[PROBLEM DETAILS]
Take the data below and copy exactly the lines starting at the one with "Vases Fases Frame" and finishing at the one with "Spider Lovers |", both included.

[DATA IN THIS EXERCISE]
━━━━━━
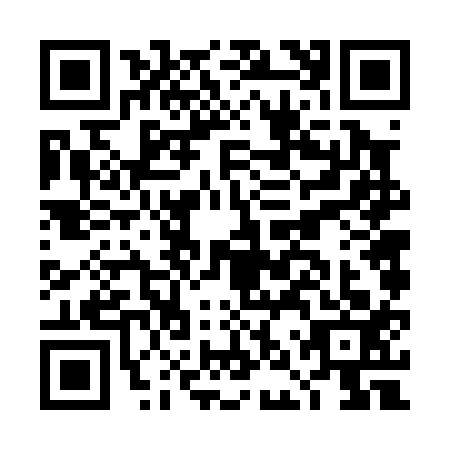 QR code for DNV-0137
━━━━━━
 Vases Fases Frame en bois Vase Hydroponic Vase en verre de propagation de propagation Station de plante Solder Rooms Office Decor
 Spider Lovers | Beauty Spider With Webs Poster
━━━━━━
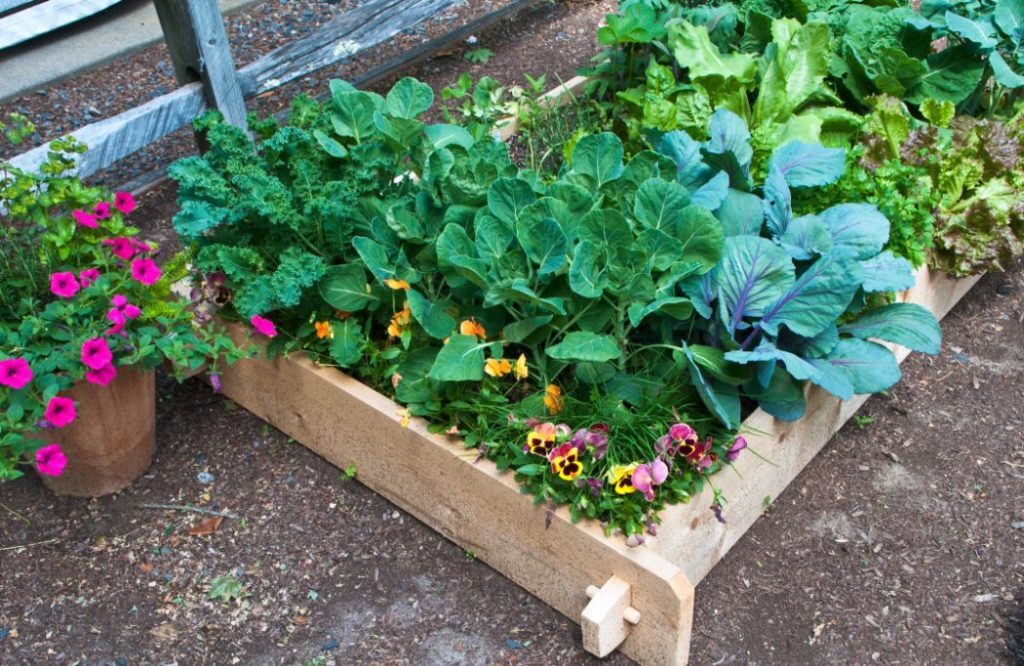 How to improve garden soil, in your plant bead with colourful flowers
━━━━━━
[RESPONSE AREA]
 Vases Fases Frame en bois Vase Hydroponic Vase en verre de propagation de propagation Station de plante Solder Rooms Office Decor
 Spider Lovers | Beauty Spider With Webs Poster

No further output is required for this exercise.